STUDY MATERIAL
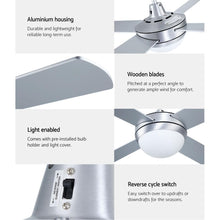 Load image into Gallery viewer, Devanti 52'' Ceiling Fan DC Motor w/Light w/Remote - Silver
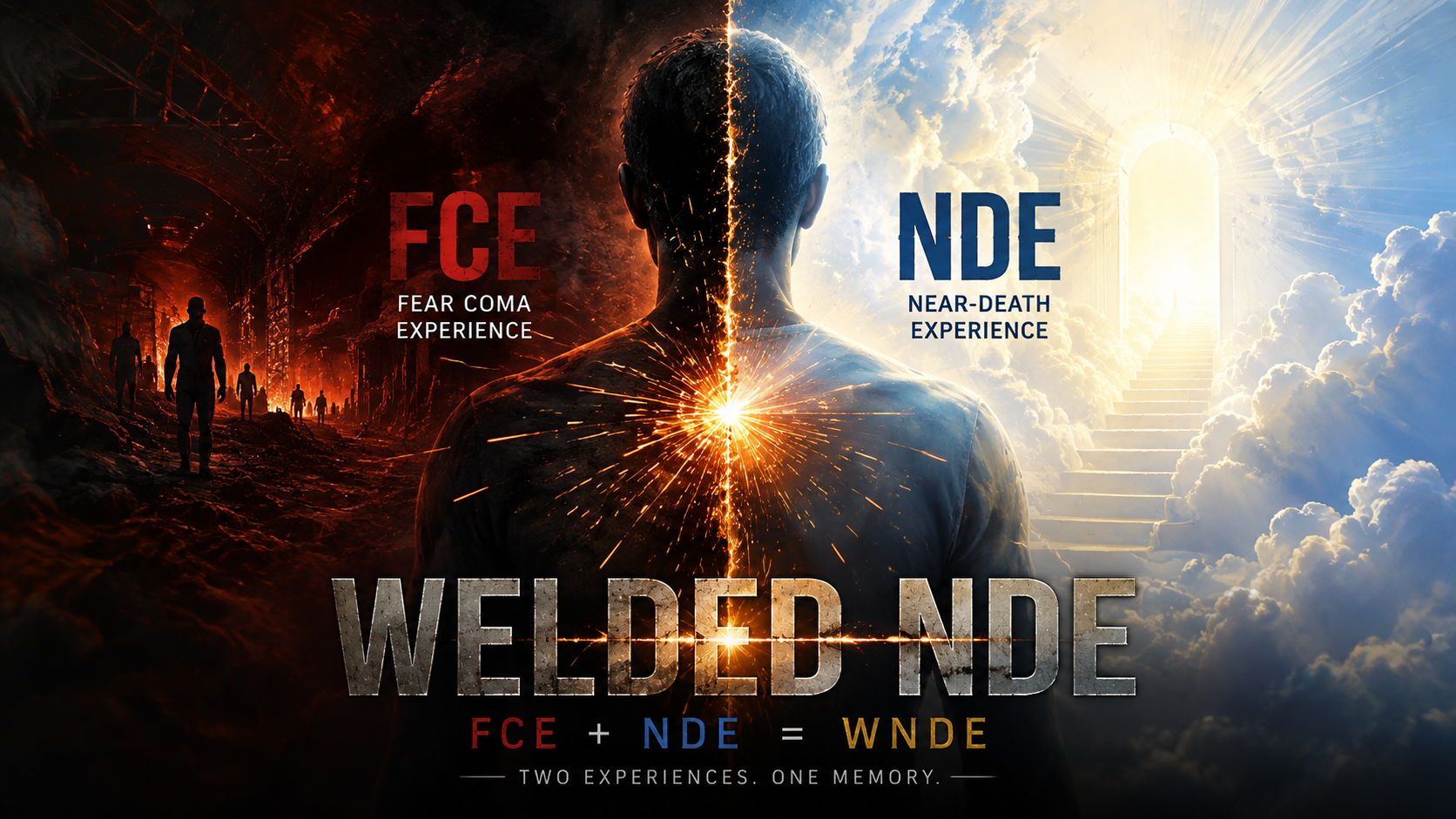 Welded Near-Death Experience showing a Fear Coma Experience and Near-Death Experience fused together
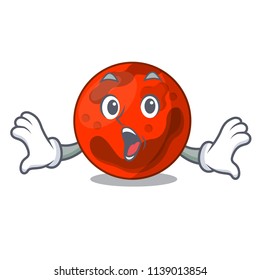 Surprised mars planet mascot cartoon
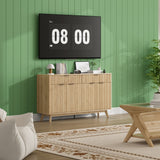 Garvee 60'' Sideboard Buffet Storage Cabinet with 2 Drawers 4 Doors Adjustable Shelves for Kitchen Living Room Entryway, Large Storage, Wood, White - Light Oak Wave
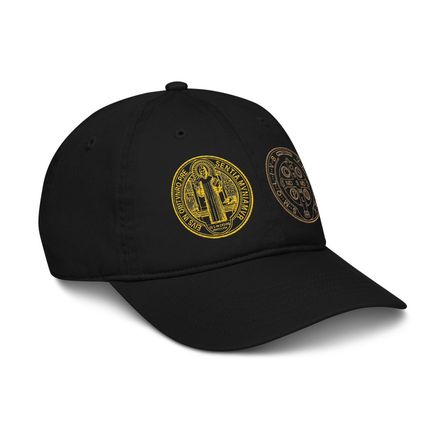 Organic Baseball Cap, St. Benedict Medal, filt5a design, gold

WHAT THIS TASK INVOLVES
Return the entries above exactly and in full; do not include images.

ANSWER FOR THIS EXERCISE
 Load image into Gallery viewer, Devanti 52'' Ceiling Fan DC Motor w/Light w/Remote - Silver
 Welded Near-Death Experience showing a Fear Coma Experience and Near-Death Experience fused together
 Surprised mars planet mascot cartoon
 Garvee 60'' Sideboard Buffet Storage Cabinet with 2 Drawers 4 Doors Adjustable Shelves for Kitchen Living Room Entryway, Large Storage, Wood, White - Light Oak Wave
 Organic Baseball Cap, St. Benedict Medal, filt5a design, gold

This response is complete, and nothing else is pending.